The parish of Sisland is situated 10 miles south-east of Norwich and 1.5 miles west of Loddon in the County of Norfolk. It is one of the smallest parishes in the county covering approximately 500 acres and, at the turn of the Millennium, the population was just 44 people belonging to only 11 families. It lies between two tributaries of the River Chet and is bordered by the parishes of Bergh Apton, Chedgrave, Loddon, Mundham and Thurton.
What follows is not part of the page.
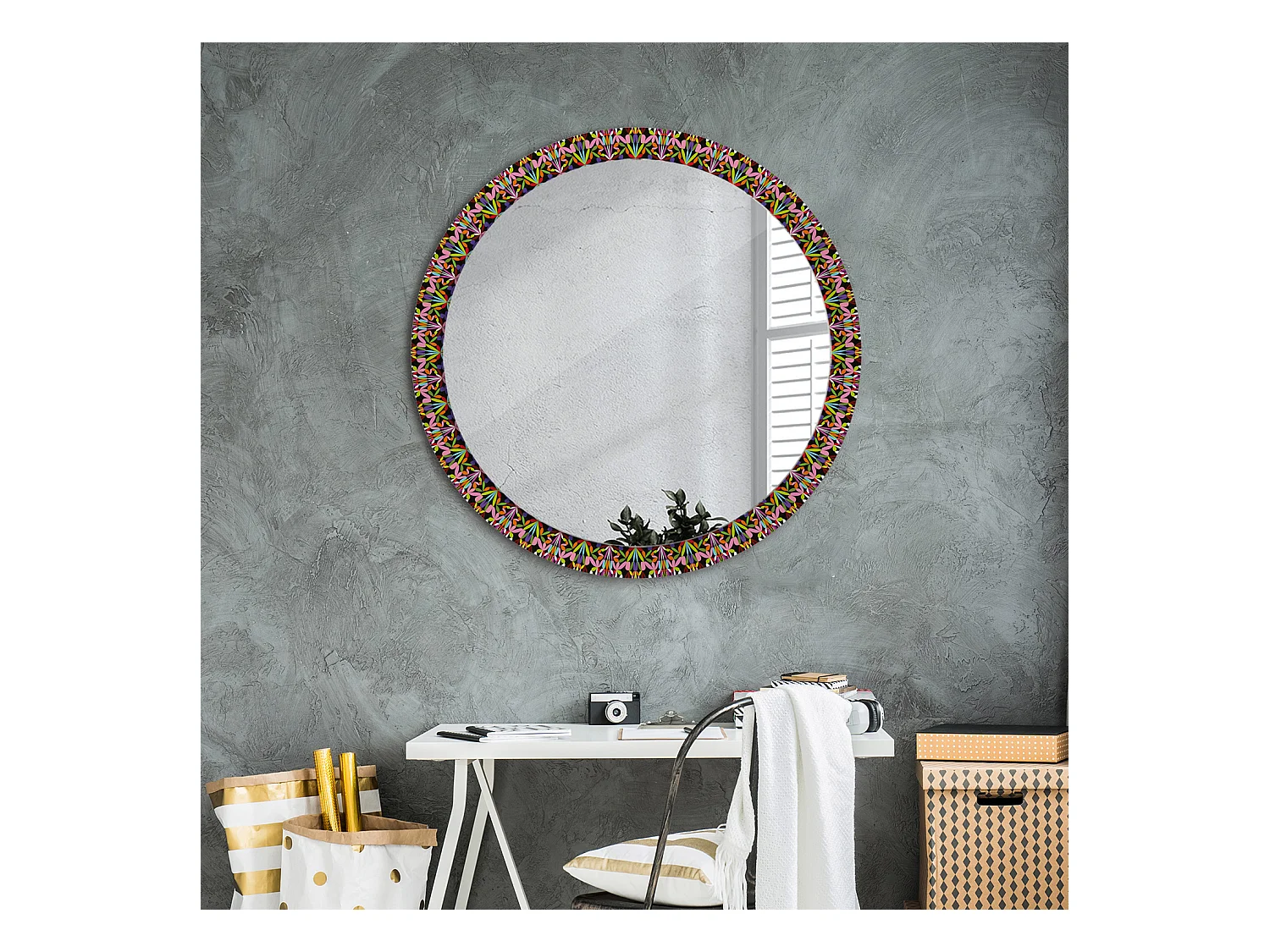 Decoratieve ronde spiegel - mandala motief - 90 cm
A Brief History of the Church
Although sometimes referred to as Syseland or Sizeland (the latter a whim of William Hobson Senior, Rector of the parish between 1819 and 1864, who changed the spelling in 1827) the name Sisland is recorded in documents dating back to the Domesday Book of 1086, where mention is made of the parish having a church within neighbouring Mundham. Although nothing is known of this church, the ruins of an early chapel dedicated to St.Ethelbert are known close to the boundary of the two parishes. The construction of Sisland church possibly started soon after the Norman Conquest, although very little of this early building now remains. The list of Rectors dates back to the thirteenth century, starting in 1276 with Alexander. The complete list is given at the back of our guide
In 1761, the main structure of the church was badly damaged by a lightning strike, as is graphically described in a letter to the Norwich Mercury dated July 16th. The church was then almost totally repaired in brick as is shown in the Churchwardens accounts. Parts of the ruined structure were incorporated into the new building which, with a few exceptions, is that which survives today. . In 1934 the Ecclestical Commission united the parishes of Loddon and Sisland, in effect removing the clergy from the parish.
Anyone visiting the church will be made most welcome. The church is open from April to October from 9am to 5pm.